Footage comes from Lennon's only full concert, at Madison Square Garden in 1972, after the Beatles broke up

John Lennon, Yoko Ono Concert Film ‘Power to the People’ Heads to Cinemas This Spring

John Lennon and Yoko Ono

Michael Negrin © Yoko Ono Lennon

A concert film of John Lennon and Yoko Ono‘s monumental 1972 Madison Square Garden concert will hit cinemas this spring. The film, whose official title is longer than its running time, Power to the People: John & Yoko/Plastic Ono Band With Elephant’s Memory and Special Guests – Live at the One to One Concert, New York City, 1972, will hit theaters on April 29 and May 3. Tickets go on sale March 20 via a special website for the film.
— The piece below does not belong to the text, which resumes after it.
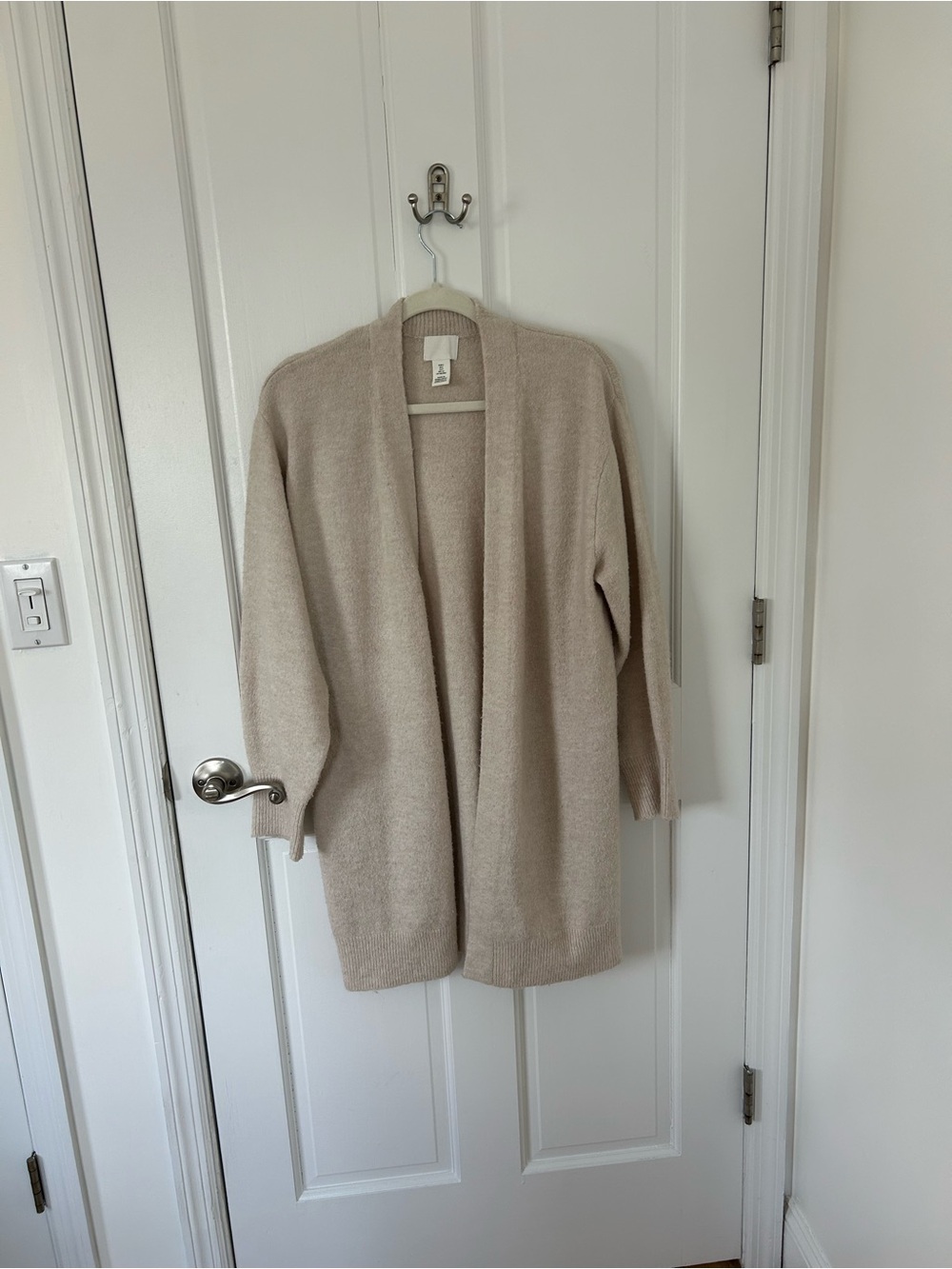 H&M Light Beige Open-Front Women's Cardigan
As every armchair Lennonologist and Onoologist knows, the former Beatle performed only two full concerts, the now legendary benefit gigs to raise a reported $1.5 million for developmentally disabled children, after the Fab Four broke up. Both took place on Aug. 30 with a truncated matinee preceding a full-length, star-studded extravaganza. Stevie Wonder, Roberta Flack, Melanie, and Sha Na Na all made appearances at the gig. The set list included “Give Peace a Chance,” “Imagine,” “Come Together,” and “Instant Karma!” among other hits.


Director Steve Gebhardt filmed the concerts, which originally came out as a 40-minute TV special, John Lennon and Yoko Ono Present the One-to-One Concert, and was later re-edited into the 55-minute John Lennon Live in New York City in 1986. Footage from the concerts was later used in Kevin MacDonald and Sam Rice-Edwards’ recent documentary, One to One: John & Yoko, which focused more on rehearsals and preparation for the concerts.
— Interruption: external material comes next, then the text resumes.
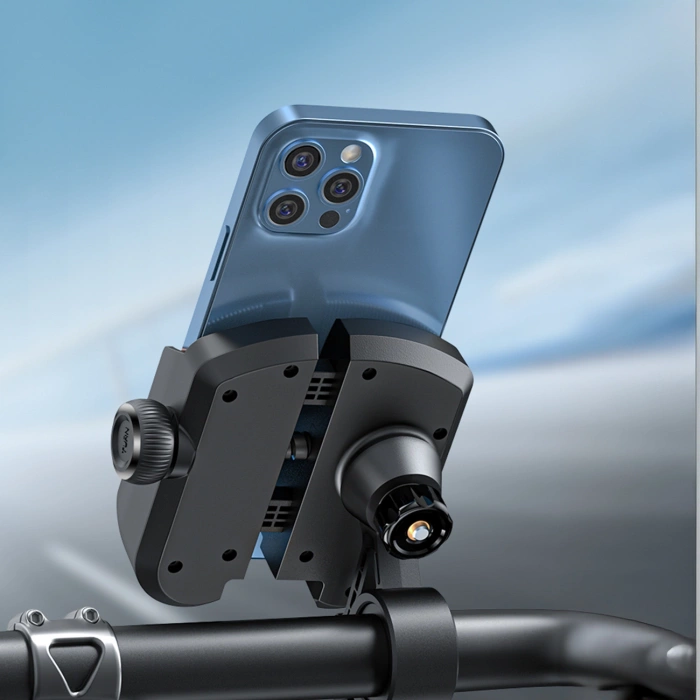Uchwyt Joyroom JR-ZS431 na telefon na rower motocykl hulajnogę - czarny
Power to the People, the new version, arrives via filmmaker Simon Hilton, who directed the Oscar-winning War Is Over! animated short, and will be a “multiscreen concert film.” The producers say every frame of film has been physically and digitally cleaned by hand and “restored, re-edited and remixed by” the Lennons’ son, Sean Ono Lennon. Some theaters will present the audio in Dolby Atmos or 5.1 Surround Sound.
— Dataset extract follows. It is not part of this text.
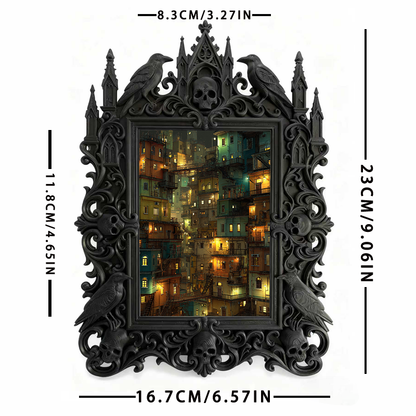 Gothic Dark Frame | Lash & Brow Studio Decor, Photo Holder, Wall-mountable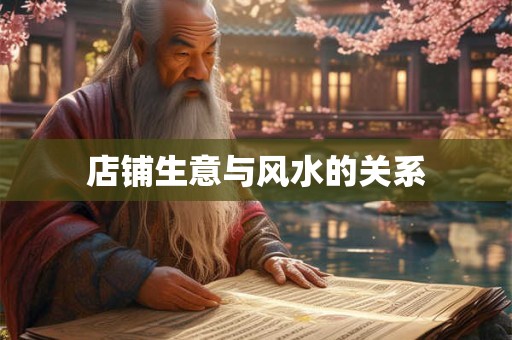 店铺生意与风水的关系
“It was a concert that had a legendary status in my mind, because it was my dad’s last concert,” Sean said in a statement. “I remember wanting a Les Paul because he played Les Paul during that show. I feel very grateful I got to work on it because he did plan on touring and he didn’t get to, so all we’ve got is this concert.”

He added that he appreciates the concert since it went against the “slicker” concert productions of the early Seventies. “He just wanted to go back to basics and be raw and spontaneous and rock & roll,” Sean said. “It’s a very cool thing he was doing that was very against the grain. Maybe not everyone realizes how special it is for me to hear my dad talking or to see him. I grew up with a set number of images and audio clips that everyone’s familiar with. So to come across things that I’ve never seen or heard is really deep for me, because it’s almost like getting more time with my dad.”

Sean also produced last year’s box set, Power to the People, which compiled audio from the concerts. “You can hear that John is terrified, with a nervous gum-snapping edge in his voice that suits tough tales like ‘It’s So Hard’ and ‘Well Well Well,'” Rolling Stone wrote in a review. “You can also hear that the back-up sweathogs in Elephant’s Memory sincerely believe they’re qualified for this gig, with no qualms about showing off.”

The box set notably omitted “Woman is the N***** of the World,” which appeared on Live in New York City, from the track list. “It was Ono’s unfortunate title for a confrontational feminist message, though she could have gotten a better title out of the key line, ‘Woman is the slave to the slaves,'” Rolling Stone wrote in the review. “It’s the only moment on Sometime where Lennon faces up to his complicity as part of the oppression … The song meant enough to them to lead off the album [Some Time in New York City], with its lyrics front and center on the cover. But the song and its message get erased here.” A rep for the film did not immediately respond to Rolling Stone about whether or not it would be in the film.